Dr Chris Brauer is a Senior Lecturer and Director of the MSc Management of Innovation programme and the Centre for Creative and Social Technologies (CAST) in the Institute of Management Studies (IMS) at Goldsmiths, University of London.
Our inner voice, or the internal dialog we have with ourselves, may one day have company. For our unspoken thoughts that prompt us to make everyday decisions may be joined by a new, artificially intelligent voice in our heads – the virtual assistant.
The virtual assistant (VA), a digital servant/master designed to serve/define our every need, is barely starting out on its journey from the realms of science fiction (think KITT in Knight Rider or HAL in 2001 Space Odyssey) to mainstream reality.

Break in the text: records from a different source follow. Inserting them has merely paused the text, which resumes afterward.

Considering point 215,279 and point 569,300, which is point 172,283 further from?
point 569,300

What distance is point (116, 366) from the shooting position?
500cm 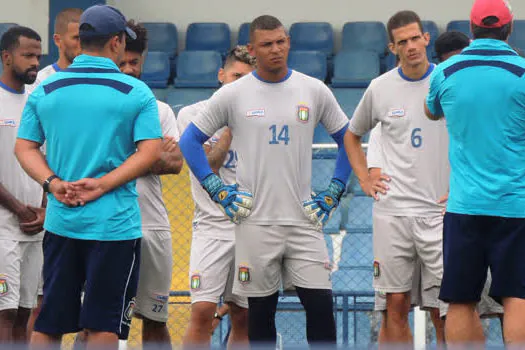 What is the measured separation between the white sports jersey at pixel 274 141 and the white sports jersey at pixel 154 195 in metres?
0.67

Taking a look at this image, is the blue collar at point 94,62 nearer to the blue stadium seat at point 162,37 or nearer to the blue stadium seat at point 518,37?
the blue stadium seat at point 518,37

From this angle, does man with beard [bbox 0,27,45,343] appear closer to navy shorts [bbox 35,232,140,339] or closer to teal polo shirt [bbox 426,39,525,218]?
navy shorts [bbox 35,232,140,339]

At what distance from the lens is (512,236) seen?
5.33 metres

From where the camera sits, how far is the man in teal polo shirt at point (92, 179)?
17.5 ft

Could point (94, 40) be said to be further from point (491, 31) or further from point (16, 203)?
point (491, 31)

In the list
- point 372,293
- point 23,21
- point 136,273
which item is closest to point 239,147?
point 136,273

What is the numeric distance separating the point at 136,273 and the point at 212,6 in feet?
33.6

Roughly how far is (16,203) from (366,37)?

IBM is already investing heavily in the area; the company has revealed that it is pouring resources into the development of A.I. and cognitive computing. Microsoft’s Cortana has recently launched, and it will reportedly run on the desktop with Windows 10. Soon, it will be everywhere – and nowhere – in your life. Moving beyond screens, social, and search, the VA will be the new gateway to the Internet and all the people and things connected to it.
Cortana
Already we can start to see its trajectory from mobile and wearable, to ‘hearable’ and perhaps one day ‘implantable’. Project Virtual Assistant is a research collaboration between the Institute of Management Studies (IMS) at Goldsmiths, University of London and global media agency Mindshare. We set out to explore and understand the opportunities and challenges of bringing the virtual assistant of the future to life for users, regulators and service suppliers.

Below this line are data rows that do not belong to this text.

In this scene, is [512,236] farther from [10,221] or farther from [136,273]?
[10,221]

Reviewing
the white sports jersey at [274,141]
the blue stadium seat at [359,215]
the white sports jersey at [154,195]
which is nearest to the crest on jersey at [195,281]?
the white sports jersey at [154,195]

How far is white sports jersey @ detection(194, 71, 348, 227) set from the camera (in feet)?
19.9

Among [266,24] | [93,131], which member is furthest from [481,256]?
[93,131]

We worked intensely with 12 consumers in a focus group for six weeks, running workshops and experiments in ethnographic service design with the latest technologies for face and emotional recognition, beacon technologies like those in the revamped Regent Street, wearables, hearables, trackables, and even scent.
We interviewed subject matter experts including Rashik Parmar, president IBM Academy of Technology and Sally Annereau, data protection analyst at law firm Taylor Wessing. And we surveyed the British public for their views and opinions on VAs.
The virtual assistants of the future
Over the course of our research, it became apparent that the VA is likely to start off life on the mobile (where Google Now, Siri and Cortana currently live) with research finding that initially 40 percent of interactions would take place on the phone.
As smart watches bring access to digital information and connectivity closer to the user, the next step will be to strip back the physical hardware as far as possible, with the intelligence of the VA existing in the cloud, getting pulled in, and pushing its way into our lives on multiple devices on our bodies and in our offices, homes, and vehicles. 81 percent of those surveyed wanted the VA to be voice controlled, demonstrating the urge for the hardware to be a secondary concern.
Joaquin Phoenix falls for his VA in the movie Her
Your VA will be continually prompting you with suggestions and taking instructions, and will know more about you than perhaps you do yourself. The inevitable trajectory is towards a kind of ‘post-human’ condition where users and their VA technology are not separate and distinct but are instead embodied and unified as one.
To begin with, this will be a device that can be taken in or out, already 2 percent of interactions are predicted to take place via earpiece, but if people value and become increasingly dependent on their VA we can expect this device to be implanted and permanent.
Just as a desire for ease and convenience has moved contraception from the wearing of physical devices to implants, so we will see the same thing with virtual assistants. We will initially want to decide when and where we synch our physiology, decision-making and emotions with our VA. Then real-time synchronisation will just be easier and more efficient.
Listening to your inner voice will take on a whole new meaning.